After 18 months of record-breaking hotel occupancy and other soaring tourism statistics, the Florida Keys’ tourism-dependent economy ground to a halt on March 17, when hotels, attractions and most other businesses closed due to the coronavirus pandemic.
“We’re now entering the longest period of no tourism that we’ve ever experienced,” Tourist Development Council Director Stacey Mitchell said on May 12 in meetings with the five District Advisory Committees (DACs) in the Keys that determine how bed tax revenues from hotels and other lodging establishments within those districts will be spent to promote events and improvement projects.
Mitchell said the TDC is facing more than a $13 million deficit this year.
“The impacts of this pandemic are being felt wider and deeper than initially anticipated, and the extended mental health toll remains undetermined,” Mitchell said. “We need to get people working again, but we also need to balance that with the health of both our residents and visitors. Every other destination in Florida is open for business; we’re not. We have to remain dark until we can reopen, but the marketing field for tourism will be crowded. No one knows what the future holds. We don’t even have a date for when we can reopen.”
At each DAC meeting, the TDC’s market research director, Kelli Fountain, presented some of the travel industry’s expectations about trends going forward in the wake of the pandemic. Fountain had compiled several statistics from various travel surveys and industry sources.
There is some good news for the Florida Keys with regard to what travelers will want when they’re once again free to roam the country.
“Sixty-eight percent of travelers reported that they miss taking vacations, and in a bit of good news for the Florida Keys, the majority are reporting that they’ll want to vacation in a beach-and-resort sort of destination,” Fountain said, adding that nearly 50% of travelers surveyed said they will avoid crowded destinations, air travel and cruise ships for awhile.
“People don’t want to be too close to others, or on an airplane,” Fountain reported. “Younger travelers will likely take more road trips while avoiding air travel, and travelers aged 50 to 64 seem to be the least concerned about the virus.”
Tourism officials will target Keys advertising on the “drive-down markets,” for people who can get here by car, and economy and mid-scale hotel properties are likely to recover first, with luxury properties taking longer to come back, Fountain said.
Then, representatives from Tinsley Advertising unveiled their revised advertising plans in light of the pandemic.
John Underwood from Tinsley told the DAC members that the agency is preparing a phased advertising approach that includes an early message of, “The Keys are closed to visitors, but keep us in mind.” The later phases will kick in once a reopening date has been announced and will target various demographics of travelers with emphasis on those in the drive-drown markets as far north as Nashville, Underwood said.

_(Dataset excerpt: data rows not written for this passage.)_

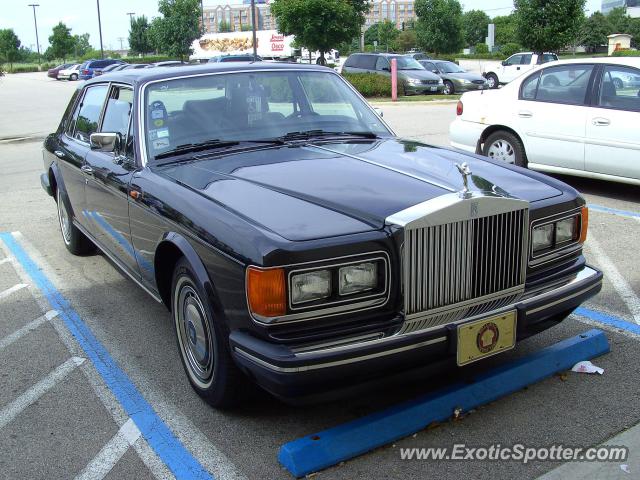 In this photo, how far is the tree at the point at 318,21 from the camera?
30750 millimetres

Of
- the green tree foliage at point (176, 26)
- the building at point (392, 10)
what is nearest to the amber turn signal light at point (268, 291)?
the green tree foliage at point (176, 26)

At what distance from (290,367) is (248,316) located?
0.31 m

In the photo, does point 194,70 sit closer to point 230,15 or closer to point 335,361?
point 335,361

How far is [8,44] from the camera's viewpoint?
297 feet

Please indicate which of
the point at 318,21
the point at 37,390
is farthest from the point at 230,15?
the point at 37,390

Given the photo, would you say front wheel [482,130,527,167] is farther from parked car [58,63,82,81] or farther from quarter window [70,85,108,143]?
parked car [58,63,82,81]

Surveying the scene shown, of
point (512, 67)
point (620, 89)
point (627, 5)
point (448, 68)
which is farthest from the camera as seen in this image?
point (627, 5)

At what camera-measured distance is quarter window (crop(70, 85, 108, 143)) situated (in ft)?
17.6

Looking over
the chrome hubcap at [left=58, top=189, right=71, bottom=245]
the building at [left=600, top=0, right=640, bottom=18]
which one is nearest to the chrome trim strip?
the chrome hubcap at [left=58, top=189, right=71, bottom=245]

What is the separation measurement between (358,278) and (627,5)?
152965 mm

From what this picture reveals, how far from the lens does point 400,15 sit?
17600 cm

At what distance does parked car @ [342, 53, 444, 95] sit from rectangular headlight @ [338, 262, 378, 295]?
2333cm

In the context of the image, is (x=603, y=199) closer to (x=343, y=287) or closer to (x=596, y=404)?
(x=596, y=404)

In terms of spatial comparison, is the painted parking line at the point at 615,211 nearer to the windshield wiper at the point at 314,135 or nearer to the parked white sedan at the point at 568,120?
the parked white sedan at the point at 568,120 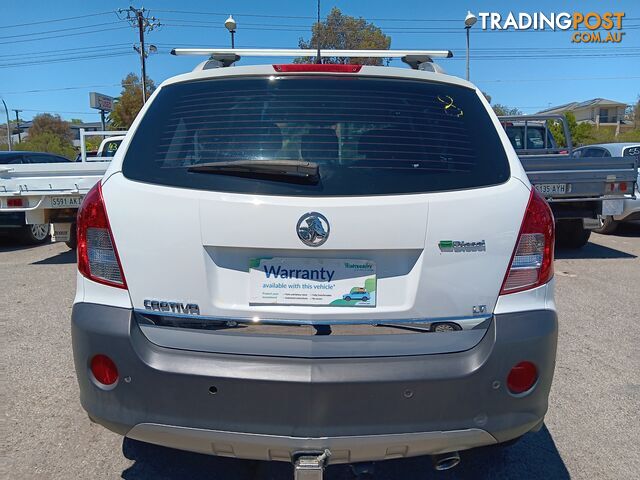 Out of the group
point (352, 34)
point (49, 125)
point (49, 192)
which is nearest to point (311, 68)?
point (49, 192)

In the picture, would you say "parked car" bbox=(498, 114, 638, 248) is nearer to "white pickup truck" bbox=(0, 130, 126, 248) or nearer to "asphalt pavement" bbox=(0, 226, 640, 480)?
"asphalt pavement" bbox=(0, 226, 640, 480)

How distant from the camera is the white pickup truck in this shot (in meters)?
6.85

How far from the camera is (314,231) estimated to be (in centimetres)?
195

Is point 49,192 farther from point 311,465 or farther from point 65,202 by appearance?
point 311,465

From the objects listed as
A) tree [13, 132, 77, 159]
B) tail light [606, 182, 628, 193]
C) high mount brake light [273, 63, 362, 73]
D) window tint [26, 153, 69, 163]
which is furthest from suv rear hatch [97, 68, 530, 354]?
tree [13, 132, 77, 159]

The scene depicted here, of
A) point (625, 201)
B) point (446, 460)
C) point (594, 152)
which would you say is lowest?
point (446, 460)

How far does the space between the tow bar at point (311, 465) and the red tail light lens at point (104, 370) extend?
0.75 metres

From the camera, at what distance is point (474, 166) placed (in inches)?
83.9

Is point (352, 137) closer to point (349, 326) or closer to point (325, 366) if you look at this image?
point (349, 326)

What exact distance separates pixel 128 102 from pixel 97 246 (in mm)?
41475

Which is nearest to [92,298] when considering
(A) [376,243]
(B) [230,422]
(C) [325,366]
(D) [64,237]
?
(B) [230,422]

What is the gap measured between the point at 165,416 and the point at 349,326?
2.45ft

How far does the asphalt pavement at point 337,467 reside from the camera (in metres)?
2.66

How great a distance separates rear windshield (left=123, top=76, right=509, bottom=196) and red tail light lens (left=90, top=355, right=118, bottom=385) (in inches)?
27.8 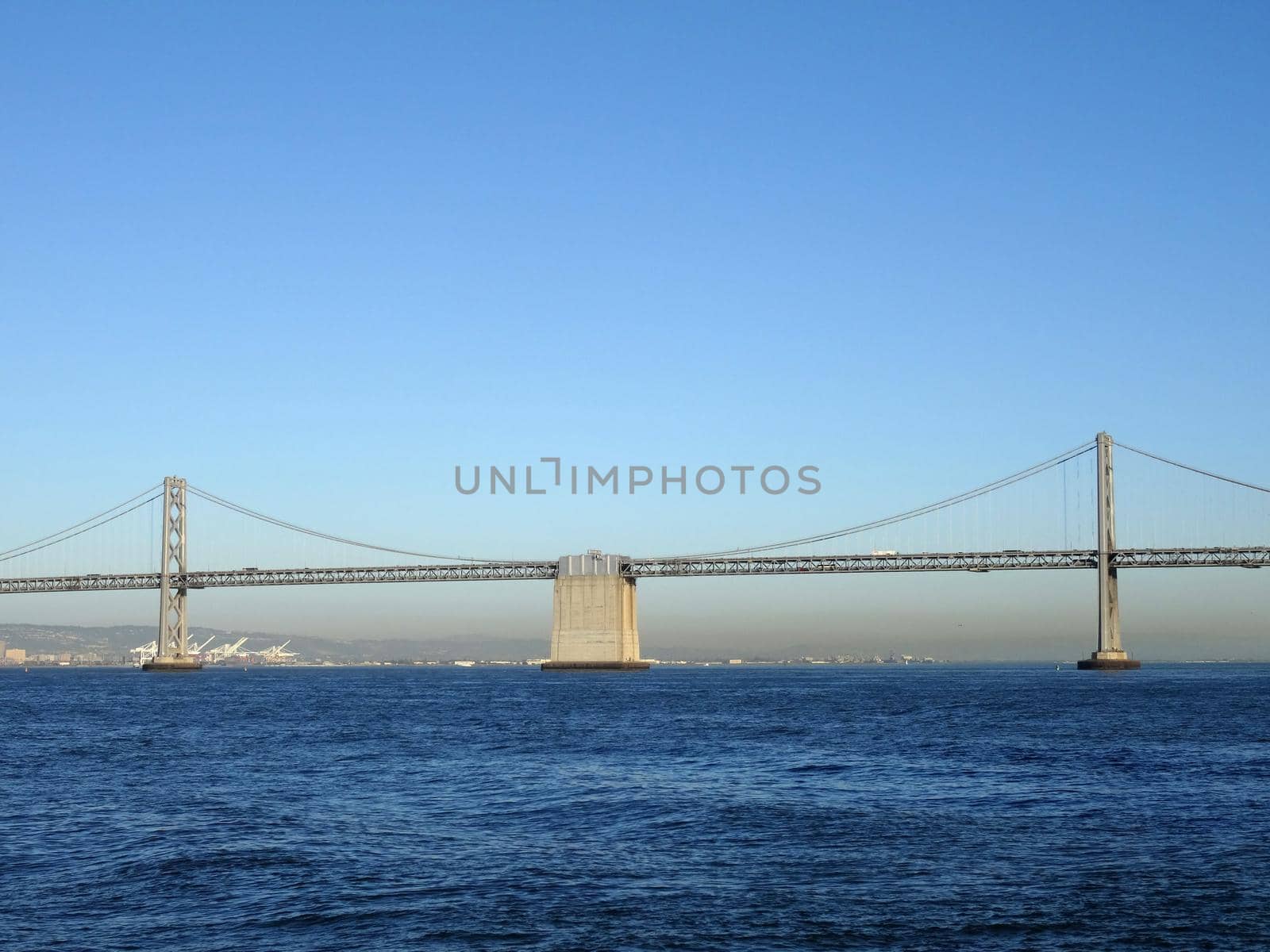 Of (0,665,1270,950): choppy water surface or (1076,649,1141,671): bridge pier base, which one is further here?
(1076,649,1141,671): bridge pier base

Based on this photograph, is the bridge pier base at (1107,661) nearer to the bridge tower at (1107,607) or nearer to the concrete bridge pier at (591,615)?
the bridge tower at (1107,607)

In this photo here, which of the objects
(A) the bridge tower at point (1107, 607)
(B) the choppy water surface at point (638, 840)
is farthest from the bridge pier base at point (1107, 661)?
(B) the choppy water surface at point (638, 840)

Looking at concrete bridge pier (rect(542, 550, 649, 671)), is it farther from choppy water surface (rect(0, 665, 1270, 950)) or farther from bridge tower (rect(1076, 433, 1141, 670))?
choppy water surface (rect(0, 665, 1270, 950))

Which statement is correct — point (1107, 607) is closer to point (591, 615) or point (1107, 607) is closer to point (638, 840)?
point (591, 615)

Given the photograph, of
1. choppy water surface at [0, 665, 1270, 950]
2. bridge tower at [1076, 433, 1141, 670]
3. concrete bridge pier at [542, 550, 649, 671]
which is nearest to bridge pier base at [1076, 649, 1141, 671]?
bridge tower at [1076, 433, 1141, 670]

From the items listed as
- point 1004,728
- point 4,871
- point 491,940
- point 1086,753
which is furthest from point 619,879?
point 1004,728

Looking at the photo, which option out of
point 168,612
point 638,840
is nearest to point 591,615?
point 168,612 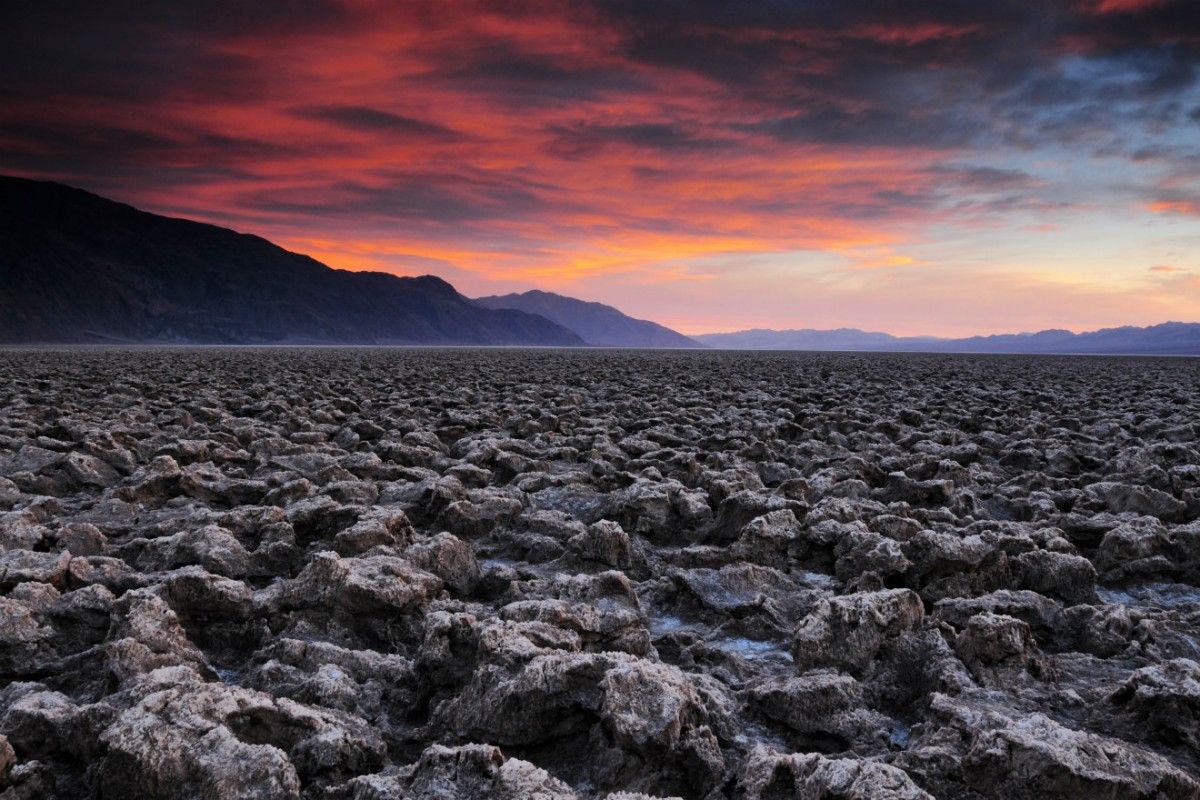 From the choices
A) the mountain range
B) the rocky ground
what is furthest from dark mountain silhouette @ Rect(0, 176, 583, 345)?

DAC II in the Lower Keys, excluding Key West, voted to move $100,000 to its emergency response fund that will allow for quick expenditures. Committee member Bobby Mongelli said he’d like to see the committee put a freeze on funding any capital projects “until we get out of this thing.”
The committee has about $565,000 available for advertising in District II and agreed to earmark all available funds for advertising.
The TDC will ask the County Commission next week to delay applications for capital projects until December rather than the usual July review date.
DAC III of the Middle Keys had about $800,000 in its regular capital fund and $75,000 in its capital resource disaster account. The latter funds brick-and-mortar projects for nonprofits and municipalities after a natural disaster such as a hurricane, but not a pandemic. Neither account can be moved out of the capital budget to use for, say, advertising, but members of the DAC III agreed to bring the balance of the disaster fund up to $375,000 and leave the remainder in the regular capital fund.
Rita Irwin advised the board that pre-Irma, that account stood at $146,000 and ran out fast. “It was the first money available to the nonprofits, and it helped,” she said.
DAC I in Key West, which typically has the most money in its accounts due to the number of hotel rooms on the island, was still meeting as of presstime Wednesday.
The TDC’s District Advisory Committee IV, which covers Islamorada, decided to take $50,000 out of its events budget for advertising resources. That leaves just over $890,000 for advertising and $85,000 for events next year.
DAC member Stephanie Scuderi, who’s market president for Centennial Bank, said she doesn’t know that a big push to get everybody back for events in the first quarter of 2021 is realistic.
“I don’t think people have the appetite for that,” she said.
Mitchell said there’s uncertainty over what the consumer reaction will be when it comes to gathering. More than likely, she said events and large gatherings will be looked at with suspicion and not widely attended, if at all.
“I want everyone to realize that next fiscal year we have to establish the destination as a safe place to get away.”
DAC V, which covers Key Largo, has $1.3 million in its advertising budget for next year.
Justin Andrews, DAC V member and owner of Capt. Craig’s, wanted to see some money for events, as people will be looking for something to do when they’re able to return to a normal life.
“They’ve been cooped up for months,” he said. “I wish we had more money. I wish we could be bringing revenue now, but it’s not happening.”
Suzanne Holmquist, DAC V member and owner of Calypso Watersports & Charters, said she couldn’t vote to keep money in the events budget for large crowds to convene.